I have a tricky problem involving an electron and photon.

[gsurfer04]

Homework Statement

The question I have is simple enough: at what energy do an electron and a photon have the same wavelength?

Homework Equations

I know that for a photon, λ=$\frac{hc}{E}$ and for an electron, λ=$\frac{hc}{\sqrt{E^{2}-mc^{2}}}$

The Attempt at a Solution

I can't just equate the two, as that results in the absurd result mc^2=0. I can't think of a method that works.

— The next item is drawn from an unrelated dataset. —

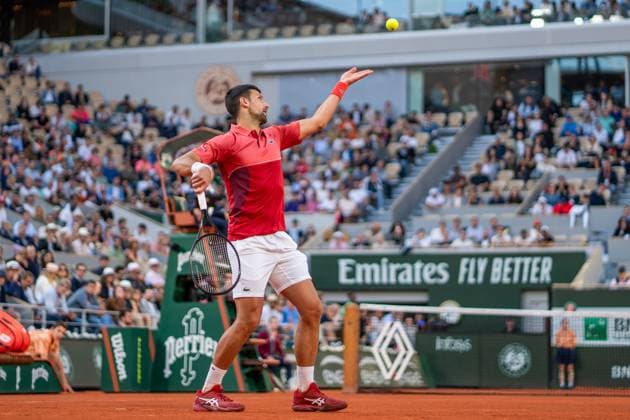 2024-06-03 2024 French Open Day 9 PARIS, FRANCE - JUNE 3: Novak Djokovic of Serbia in action against Francisco Cerundolo of Argentina in the Men s Singles fourth round match during Day 9 of the 2024 French Open at Roland Garros on June 3, 2024 in Paris, France. (Photo by Marleen Fouchier BSR Agency) Paris France Content not available for redistribution in The Netherlands directly or indirectly through any third parties. Copyright: xBSRxAgencyx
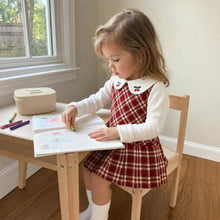 Girls Red Plaid Jumper Dress and Cherry Embroidered Peter Pan Collar Top Set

Are there any relativistic corrections that I've missed?

 

[mfb]

At the same energy, photon and electron cannot have the same momentum, their corresponding wavelength cannot be equal.

 

[rude man]

Homework Statement

The question I have is simple enough: at what energy do an electron and a photon have the same wavelength?

Homework Equations

I know that for a photon, λ=$\frac{hc}{E}$ and for an electron, λ=$\frac{hc}{\sqrt{E^{2}-mc^{2}}}$

The Attempt at a Solution

I can't just equate the two, as that results in the absurd result mc^2=0. I can't think of a method that works. Are there any relativistic corrections that I've missed?

The problem is with your energy of the electron, I believe.

What is the kinetic energy K of the electron as a function of its deBroglie wavelength?
(Hint: K = K(p,E₀), p = momentum, E₀ = rest energy, then substitute deBroglie λ for p and equate this K(λ) to the photon energy hc/λ.)

Remember that when we speak of the energy of a particle with finite rest mass we mean its Kinetic energy, not its total Energy.

EDIT: mfb may be right, probably is, but try to solve for lambda anyway. You'll find out soon enough!

EDIT EDIT: The answer is lambda = infinity.

 

[voko]

λ=$\frac{hc}{\sqrt{E^{2}-mc^{2}}}$

Check the units under the square root. Do you think they are considtent?

 

[gsurfer04]

The problem is with your energy of the electron, I believe.

What is the kinetic energy K of the electron as a function of its deBroglie wavelength?
(Hint: K = K(p,E₀), p = momentum, E₀ = rest energy, then substitute deBroglie λ for p and equate this K(λ) to the photon energy hc/λ.)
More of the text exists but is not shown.